Nach über einer Stunde des Wartens dürfen wir dann aber doch noch eine Durchfahrt eines riesigen Autotransporters bestaunen. Beidseitig an den Schleusenanlagen angebrachte Zahnradbahnen gewährleisten eine zügige und sichere Durchfahrt der Schiffe. Gleichzeitig stabilisieren diese Treidelloks die Schiffe auch gegen die Strömungen in der Schleusenkammer beim Wasserein- und auslass.
Nachdem der Autotransporter den Panamakanal passiert hat, machen auch wir uns wieder auf den Heimweg und statten dem historischen Stadtkern von Panama City, Casco Viejo genannt, einen Besuch ab. Die Altstadt dieser Millionenmetropole zählt zum Kulturerbe der UNESCO und auch wenn sich Vieles noch im Prozess der Restauration befindet, kann man schon heute den baldigen Charme dieser kolonialen Architektur erahnen.
Gleich innerhalb der Stadtgrenzen befindet sich der „Parque Natural Metropolitano“. Bei einer Rundwanderung bekommen wir eine facettenreichen Pflanzen- und Baumvielfalt zu sehen und auch ein paar Tiere lassen sich nicht von uns Besuchern verschrecken. Neben Tausenden von Blattschneiderameisen entdecken wir einen schönen, handtellergroßen, hellblauen Schmetterling und dürfen ganz am Ende des Pfades sogar einen im Baum sitzenden Tukan bewundern.
Die vierwöchige Besuchszeit meiner Eltern neigt sich nun dem Ende entgegen. Gemeinsam tausche ich mit Hilfe meines Vaters die defekten Schaltzüge an meinem Fahrrad und bin bald auch schon wieder abfahrbereit.
Ein erlebnisreicher Reisemonat im Beisammensein eines Großteils meiner Familie neigt sich dem Ende entgegen. Meine Eltern haben einen kleinen Einblick in mein Reiseleben bekommen können, sind mit neuen Ländern und Kulturen in unmittelbare Berührung gelangt und werden sicherlich mit vielen neuen Eindrücken nach Deutschland zurückkehren. Uns allen hat es sehr viel bedeutet gemeinsam ein wenig Zeit verbringen zu dürfen. So mussten wir im vergangenen, getrennt voneinander verbrachten Jahr erfahren, dass man sich gegenseitig doch am besten aus der Ferne kennen und schätzen lernt.

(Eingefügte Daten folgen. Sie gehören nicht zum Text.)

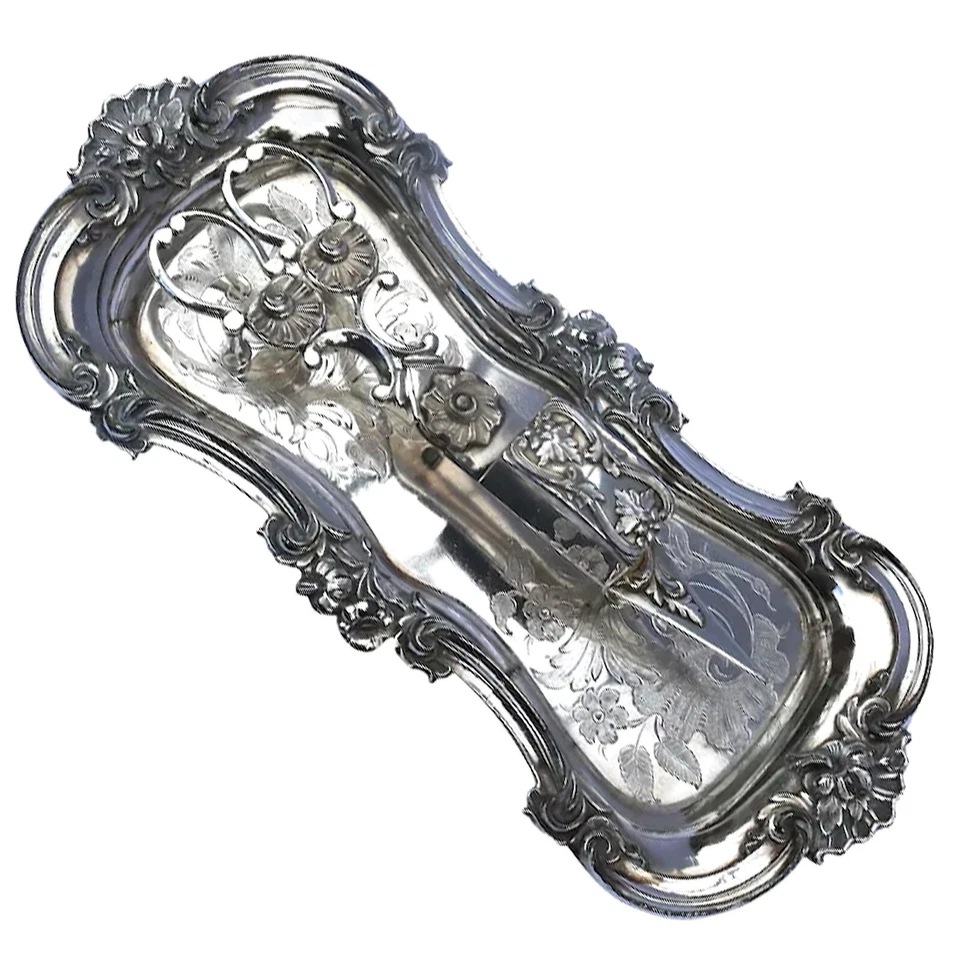 Привлекательная и хорошая пара серебряных тарелок фитиль свечи нюхательный табакер на стойке C.19thC - Изображение 2 из 4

Auch die kommenden sechs Wochen werde ich nicht allein verbringen müssen, sondern in Begleitung einer ehemaligen Polizeikollegin, Corinna, unterwegs sein. Am Abend des letzten Reisetages meiner Eltern, hole ich sie mit ihrem Trekkingrad vom internationalen Flughafen ab.
Kaum ist sie eingetroffen, die neusten Neuigkeiten sind ausgetauscht, da sitzen wir auch schon beide über den Karten von Mittelamerika zusammen und planen die kommende Strecke. Schnell ihr Fahrrad ausgepackt, basteln wir aus dem verbleibenden Kartonmaterial eine geeignete Transportkiste für Noahs Fahrrad und nehmen Abschied von meinen Eltern und meinem kleinen Bruder Noah. Die Ankunft von Corinna tröstet mich ein wenig über die Abreise meiner Familienmitglieder hinweg, die ganz urplötzlich unmittelbar bevor steht. Eine feste Umarmung und ein paar Küsse später sind sie dann auch schon weg, in Richtung Flughafen und weiter nach Deutschland.
Auf Corinna und mich dagegen wartet: Mittelamerika!